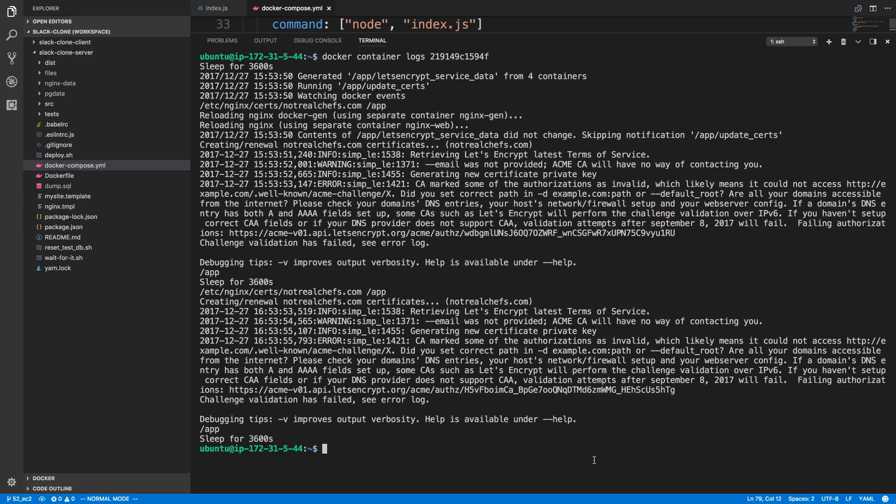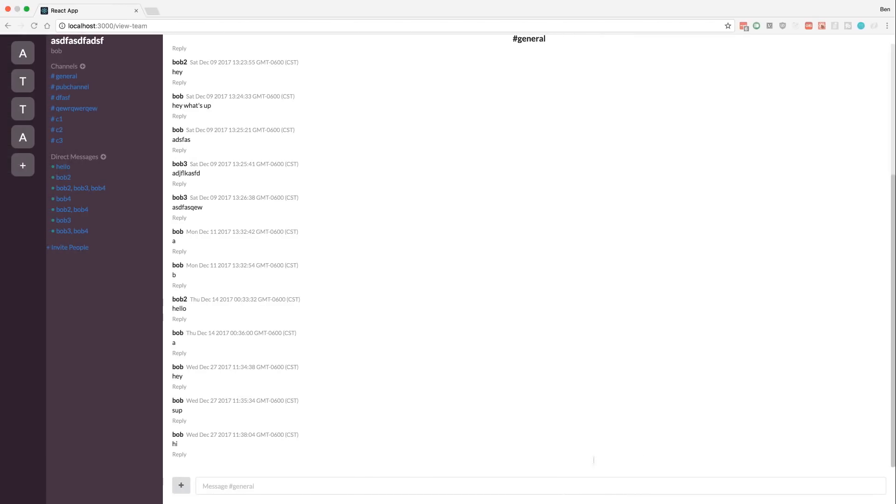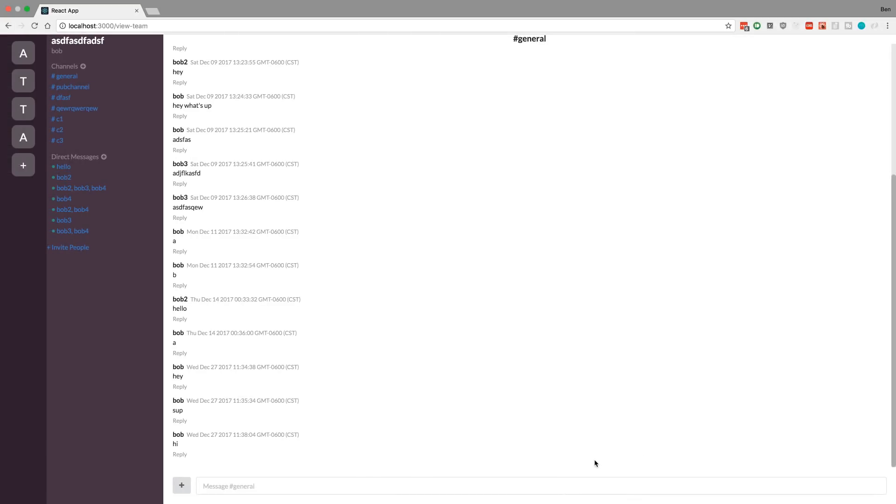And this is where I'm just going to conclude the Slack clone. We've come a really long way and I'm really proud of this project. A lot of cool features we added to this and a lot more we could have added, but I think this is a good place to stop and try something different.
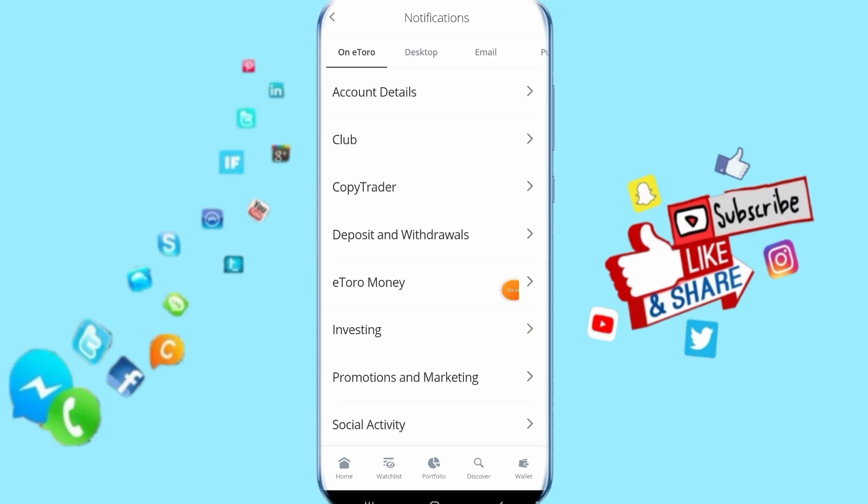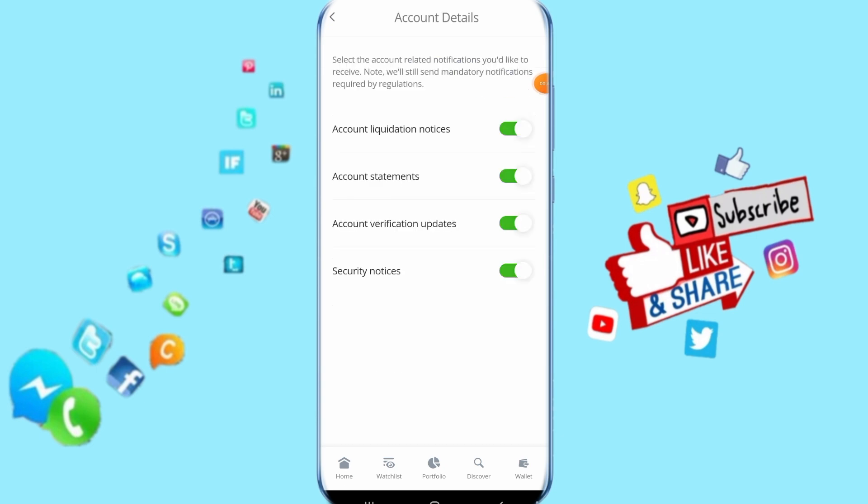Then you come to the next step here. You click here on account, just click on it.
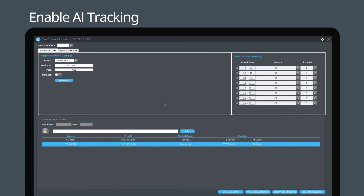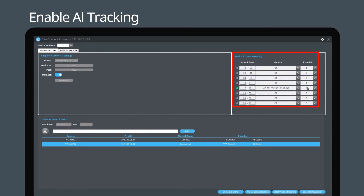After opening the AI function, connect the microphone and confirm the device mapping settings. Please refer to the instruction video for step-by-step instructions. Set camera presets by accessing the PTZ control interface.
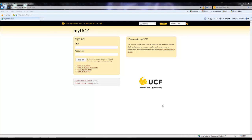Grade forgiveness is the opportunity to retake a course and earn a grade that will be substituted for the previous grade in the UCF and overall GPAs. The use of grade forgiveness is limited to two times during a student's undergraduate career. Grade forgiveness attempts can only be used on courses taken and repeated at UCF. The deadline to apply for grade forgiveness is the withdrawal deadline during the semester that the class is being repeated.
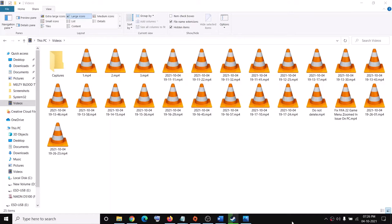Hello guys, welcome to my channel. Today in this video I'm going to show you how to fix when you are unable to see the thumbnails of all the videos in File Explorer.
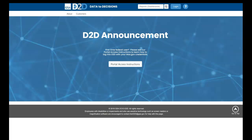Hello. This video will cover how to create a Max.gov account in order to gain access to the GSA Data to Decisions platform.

__EXERCISE DESCRIPTION__:
The response must restate each line of the material above exactly and contain no images.

__EXERCISE ANSWER__:
And this is where I'm just going to conclude the Slack clone. We've come a really long way and I'm really proud of this project. A lot of cool features we added to this and a lot more we could have added, but I think this is a good place to stop and try something different.
Then you come to the next step here. You click here on account, just click on it.
After opening the AI function, connect the microphone and confirm the device mapping settings. Please refer to the instruction video for step-by-step instructions. Set camera presets by accessing the PTZ control interface.
Grade forgiveness is the opportunity to retake a course and earn a grade that will be substituted for the previous grade in the UCF and overall GPAs. The use of grade forgiveness is limited to two times during a student's undergraduate career. Grade forgiveness attempts can only be used on courses taken and repeated at UCF. The deadline to apply for grade forgiveness is the withdrawal deadline during the semester that the class is being repeated.
Hello guys, welcome to my channel. Today in this video I'm going to show you how to fix when you are unable to see the thumbnails of all the videos in File Explorer.
Hello. This video will cover how to create a Max.gov account in order to gain access to the GSA Data to Decisions platform.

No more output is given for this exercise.